Mesmo em nós, a platéia vetada para a sessão, haverá uma mudança 'existencial'. Ficaremos menos democráticos, vamos sonhar com tanques de guerra e déspotas esclarecidos. Alguns filhos talvez passem a encarar os pais com desconfiança, talvez algumas amantes forjem orgasmos decepcionados. Aos poucos, um lampejo de arrogância vai se instalar nos olhos dos seguranças, dos contínuos, dos servidores de cafezinho; aos poucos, com crescente desrespeito, chegarão a dar tapinhas de intimidade folgada nas costas dos parlamentares humilhados. No almoxarifado, faxineiros roubarão latas de detergentes, vassouras, desentupidores de privada, as moças da limpeza deixarão os banheiros sujos e, quem sabe, uma grande inundação de fezes vai emporcalhar os tapetes azuis, que apodrecerão aos poucos, os lustres cairão como jacas moles e o teto vai murchar como um bolo solado. Nos subterrâneos e esgotos, uma assembléia de ratos e lacraias fará a mímica das sessões plenárias.

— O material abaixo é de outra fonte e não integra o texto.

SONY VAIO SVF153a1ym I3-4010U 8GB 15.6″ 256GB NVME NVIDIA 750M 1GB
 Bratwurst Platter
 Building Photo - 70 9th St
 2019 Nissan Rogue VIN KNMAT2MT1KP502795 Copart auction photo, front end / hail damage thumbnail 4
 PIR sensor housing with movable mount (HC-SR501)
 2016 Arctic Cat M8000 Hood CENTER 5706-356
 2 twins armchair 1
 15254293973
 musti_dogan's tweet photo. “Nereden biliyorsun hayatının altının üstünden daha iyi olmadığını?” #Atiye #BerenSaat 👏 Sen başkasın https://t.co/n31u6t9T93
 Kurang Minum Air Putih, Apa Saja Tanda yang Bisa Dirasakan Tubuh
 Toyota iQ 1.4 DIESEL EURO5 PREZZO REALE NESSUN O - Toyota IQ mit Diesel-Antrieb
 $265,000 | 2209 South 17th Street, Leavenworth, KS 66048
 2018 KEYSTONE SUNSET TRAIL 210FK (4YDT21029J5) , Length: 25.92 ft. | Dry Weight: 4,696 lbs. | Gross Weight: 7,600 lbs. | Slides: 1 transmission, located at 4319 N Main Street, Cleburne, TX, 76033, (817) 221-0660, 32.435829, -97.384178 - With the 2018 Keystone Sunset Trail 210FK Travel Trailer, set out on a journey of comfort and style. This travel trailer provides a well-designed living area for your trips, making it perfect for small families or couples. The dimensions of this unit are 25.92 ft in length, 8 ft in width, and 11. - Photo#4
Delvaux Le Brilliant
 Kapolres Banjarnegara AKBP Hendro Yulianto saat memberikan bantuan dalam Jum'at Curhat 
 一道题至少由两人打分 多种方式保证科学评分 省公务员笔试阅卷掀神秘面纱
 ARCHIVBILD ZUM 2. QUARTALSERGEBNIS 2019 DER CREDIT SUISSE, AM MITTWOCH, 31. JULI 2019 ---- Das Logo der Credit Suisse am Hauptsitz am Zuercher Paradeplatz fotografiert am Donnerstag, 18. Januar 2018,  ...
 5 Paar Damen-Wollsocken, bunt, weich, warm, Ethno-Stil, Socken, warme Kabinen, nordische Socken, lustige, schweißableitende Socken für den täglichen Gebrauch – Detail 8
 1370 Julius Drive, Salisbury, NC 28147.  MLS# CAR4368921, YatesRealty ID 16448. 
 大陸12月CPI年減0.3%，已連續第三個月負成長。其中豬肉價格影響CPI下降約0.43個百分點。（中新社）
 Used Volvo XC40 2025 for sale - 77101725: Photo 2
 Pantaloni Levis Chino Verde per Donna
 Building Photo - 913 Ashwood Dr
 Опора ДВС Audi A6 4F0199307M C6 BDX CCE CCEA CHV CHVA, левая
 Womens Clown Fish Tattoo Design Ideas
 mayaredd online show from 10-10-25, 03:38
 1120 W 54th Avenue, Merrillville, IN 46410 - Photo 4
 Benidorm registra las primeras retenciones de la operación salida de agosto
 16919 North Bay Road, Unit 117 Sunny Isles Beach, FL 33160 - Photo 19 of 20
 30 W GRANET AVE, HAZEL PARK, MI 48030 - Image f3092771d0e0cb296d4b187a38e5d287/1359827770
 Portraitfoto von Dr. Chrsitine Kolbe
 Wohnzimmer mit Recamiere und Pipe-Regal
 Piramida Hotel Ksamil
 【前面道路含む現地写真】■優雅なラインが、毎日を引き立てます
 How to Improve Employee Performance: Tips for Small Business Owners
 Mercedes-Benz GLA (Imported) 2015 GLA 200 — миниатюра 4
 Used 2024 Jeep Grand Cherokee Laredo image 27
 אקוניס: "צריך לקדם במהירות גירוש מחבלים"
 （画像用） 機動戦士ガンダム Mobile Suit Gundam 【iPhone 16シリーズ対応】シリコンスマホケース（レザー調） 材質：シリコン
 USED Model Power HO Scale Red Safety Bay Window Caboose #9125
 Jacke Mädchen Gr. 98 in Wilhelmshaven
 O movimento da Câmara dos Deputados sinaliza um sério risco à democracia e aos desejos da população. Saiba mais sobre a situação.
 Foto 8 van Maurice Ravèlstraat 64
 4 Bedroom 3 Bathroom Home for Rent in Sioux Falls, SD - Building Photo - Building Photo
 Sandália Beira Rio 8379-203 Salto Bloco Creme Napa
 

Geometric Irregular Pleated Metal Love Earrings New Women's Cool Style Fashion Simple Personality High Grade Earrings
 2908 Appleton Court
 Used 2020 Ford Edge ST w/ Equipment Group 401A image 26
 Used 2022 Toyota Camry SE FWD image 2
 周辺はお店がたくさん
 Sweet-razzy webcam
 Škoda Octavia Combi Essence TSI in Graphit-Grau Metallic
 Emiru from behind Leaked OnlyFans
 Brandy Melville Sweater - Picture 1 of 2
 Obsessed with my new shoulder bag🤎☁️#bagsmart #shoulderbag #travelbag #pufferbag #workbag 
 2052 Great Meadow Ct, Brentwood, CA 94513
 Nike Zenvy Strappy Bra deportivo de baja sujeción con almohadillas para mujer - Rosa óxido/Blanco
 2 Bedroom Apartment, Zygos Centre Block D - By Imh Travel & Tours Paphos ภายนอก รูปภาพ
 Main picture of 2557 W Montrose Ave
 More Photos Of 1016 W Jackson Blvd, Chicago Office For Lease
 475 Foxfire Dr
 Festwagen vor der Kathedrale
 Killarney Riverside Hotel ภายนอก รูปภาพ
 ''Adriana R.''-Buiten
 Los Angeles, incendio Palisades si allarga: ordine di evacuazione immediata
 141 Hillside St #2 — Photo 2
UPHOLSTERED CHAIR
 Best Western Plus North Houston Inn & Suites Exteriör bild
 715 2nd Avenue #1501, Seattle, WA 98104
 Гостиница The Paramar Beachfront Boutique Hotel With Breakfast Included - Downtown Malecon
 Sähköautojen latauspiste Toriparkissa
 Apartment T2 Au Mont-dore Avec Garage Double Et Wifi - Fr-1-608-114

Por outro lado, haverá milagres pelos grotões de Alagoas. Como a verdade virou mentira e a mentira virou verdade, os açougues fantasmas e falidos em remotos desertos se encherão de carne das boiadas de Renan, carcaças se inflarão, as bocas desdentadas dos analfabetos-laranja se encherão de dentes, o município de Muricy se transformará numa festa permanente de cerveja Schincariol, um 'oktoberfest' da caatinga, os cheques fajutos vão revoar como andorinhas sobre Brasília, as fazendas imaginárias se encherão de boiadas, as churrasqueiras vão enfumaçar os campos em hecatombes homéricas, e o sertão vai virar mar e multidões do cabresto do Bolsa-Família virão adorar novos padrinhos Cíceros e Lula se abraçará com Renan, finalmente em paz com o PMDB. E o mentor de tudo, o dono do Maranhão, aparecerá no fim, de bigode aparado e jaquetão impecável, como sempre, intocado pela História. E o dia vai raiar depois da grande festa, mas com a 'aurora de dedos róseos', os indícios da boa e velha inflação já estarão aparecendo no horizonte lulista.
Batido pelo vento da manhã, um dragão da independência contempla a bandeira brasileira no alto do mastro. O vento é forte, mas a bandeira não se move, apodrecendo na praça, nosso lindo pendão da desesperança.